Every line from the one with "FUE Hair Transplant in Lahore" through the last line below should be repeated exactly; pictures stay out of the copy.

The data.
== Segment start ==
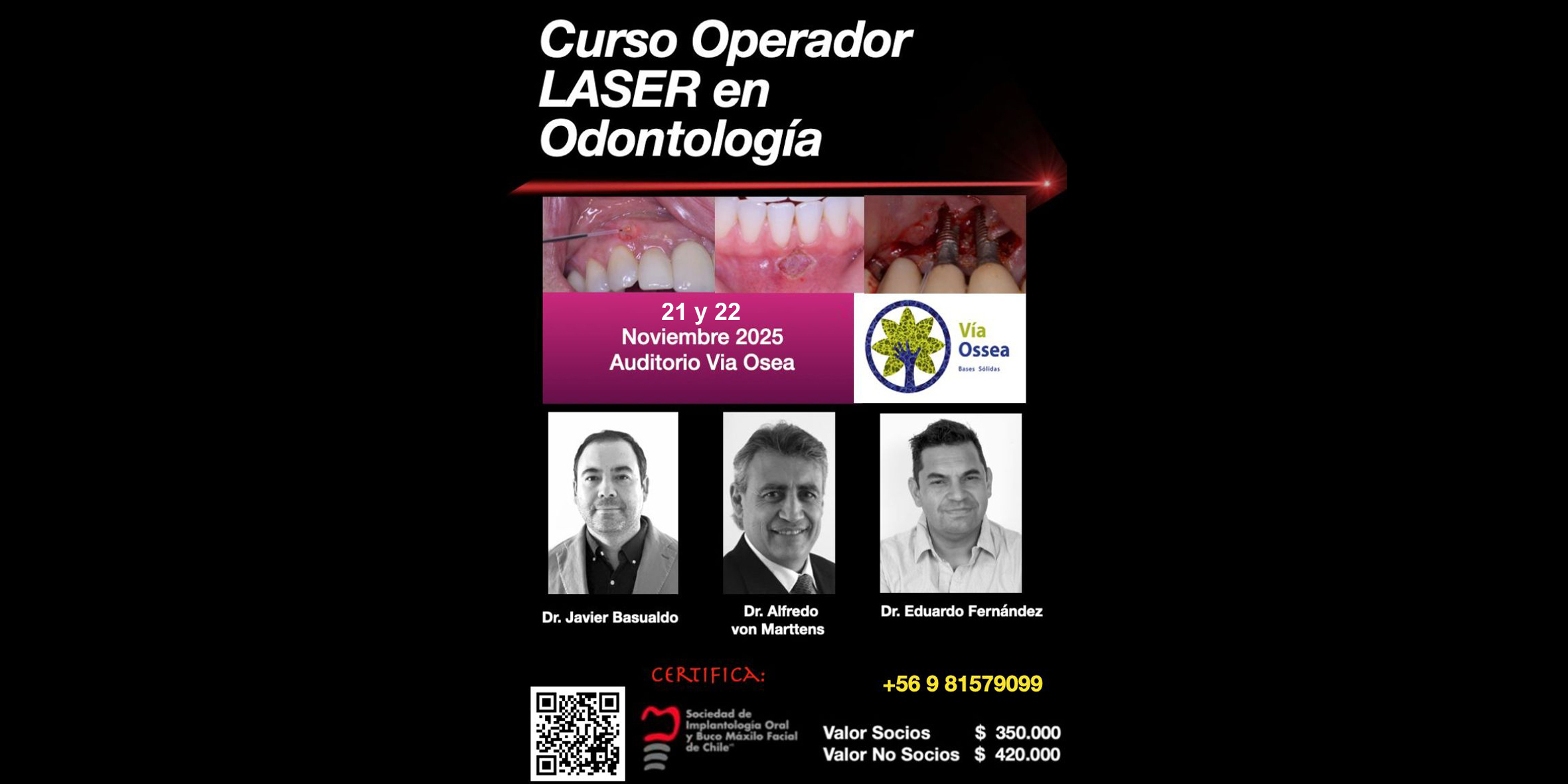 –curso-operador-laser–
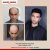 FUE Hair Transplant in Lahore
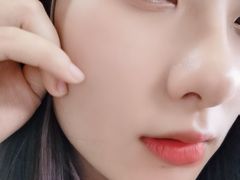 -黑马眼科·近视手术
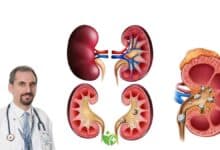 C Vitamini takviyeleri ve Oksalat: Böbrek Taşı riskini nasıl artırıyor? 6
== Segment end ==
Answer section.
 FUE Hair Transplant in Lahore
 -黑马眼科·近视手术
 C Vitamini takviyeleri ve Oksalat: Böbrek Taşı riskini nasıl artırıyor? 6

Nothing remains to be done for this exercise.